Ada in Dreamland
You are given a graph and asked if there is any node u such that:
- u is part of a cycle where the multiplication of the edges of the cycle has value strictly less than 1. (Ada can traverse this cycle infinite times and have a reading which tends to zero.)
- u is reachable from 1 and n is reachable from u.
A DFS is enough for the latter.
For the former, you have to check if there exists some cycle like that. Notice that $ \log (x) = (-ve) $ where $ 0 < x < 1 $. Lets convert the edge weights to their log values in any suited base. Since $ \log (UV) = \log U + \log V $, our sub-problem is now reduced to finding a cycle with negative sum. This can be done with Bellman–Ford algorithm under the given constraints.
So our solution skeleton would be like this:
- Convert the edge weights to their log values in any base.

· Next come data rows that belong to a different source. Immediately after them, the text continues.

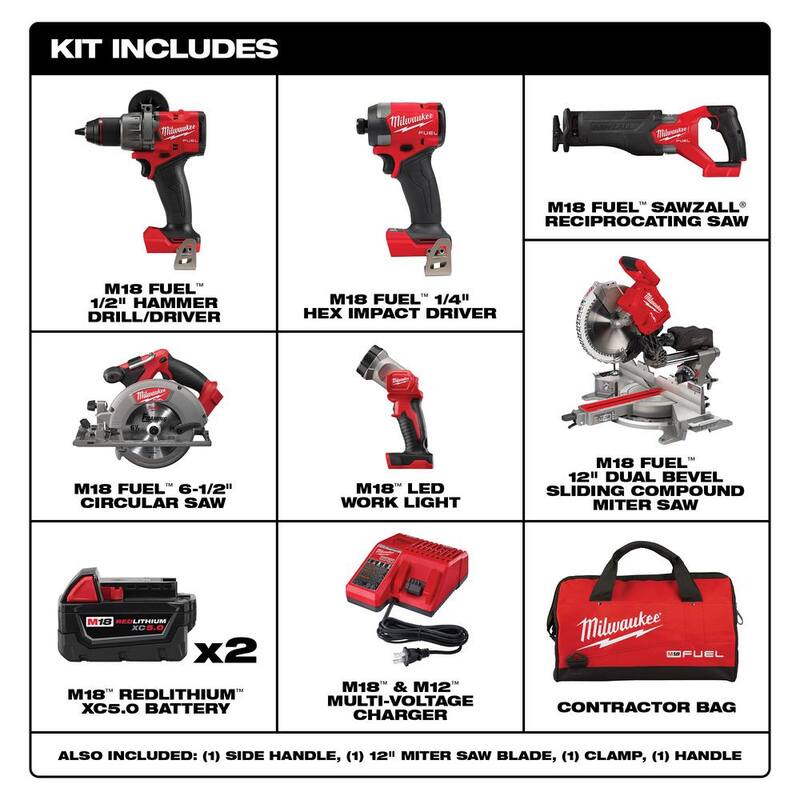Juego combinado inalámbrico sin escobillas de iones de litio de 18 voltios Milwaukee M18 FUEL (5 herramientas) con sierra ingletadora compuesta de doble bisel deslizante de 12 pulgadas - 3697-25-2739-20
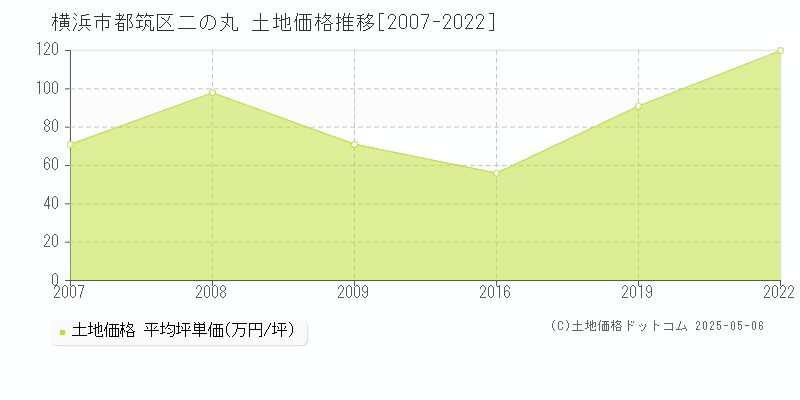 二の丸(横浜市都筑区)の土地価格推移グラフ(坪単価)[2007-2022年]
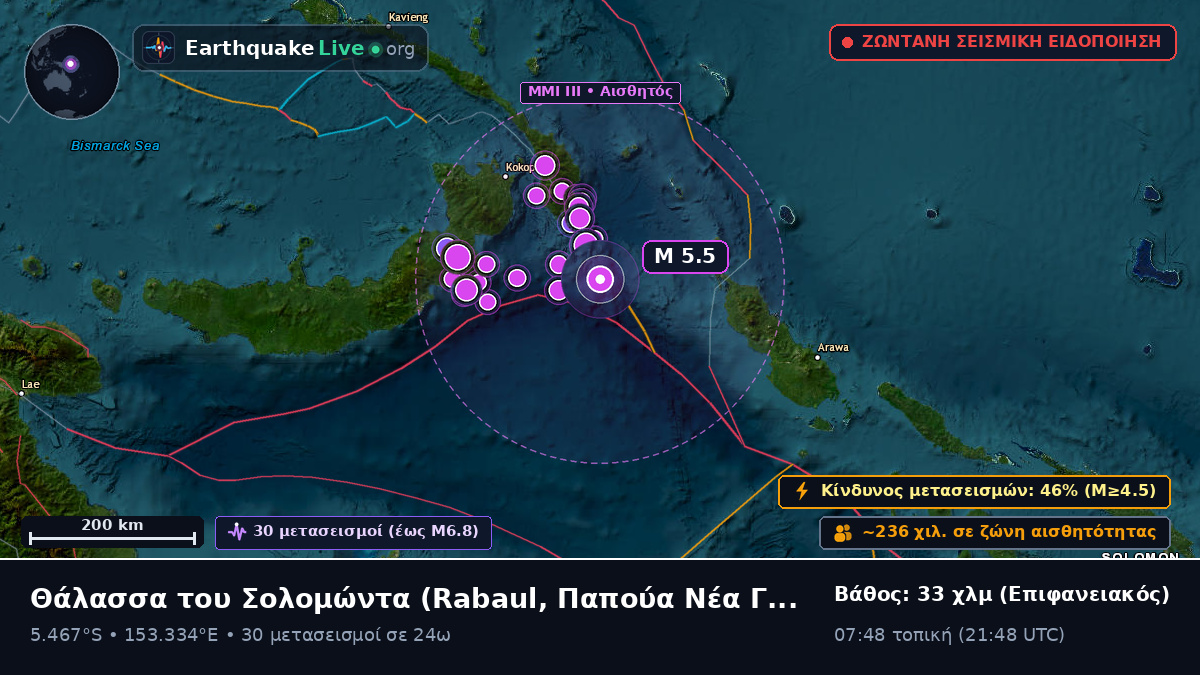 Θάλασσα του Σολομώντα (Παπούα Νέα Γουινέα)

- Run bellman ford to find which nodes are part of a negative cycle.
- Check if n is reachable from any of those nodes, if any. Also check if those nodes are reachable from 1.
Should you need it, find my C++ implementation here: https://gist.github.com/rebornplusplus/3b8d22de1e8a1b7f4419ef053c8e0500.
P.S: The initial reading d doesn't do much. I thought you could use a joke. 😛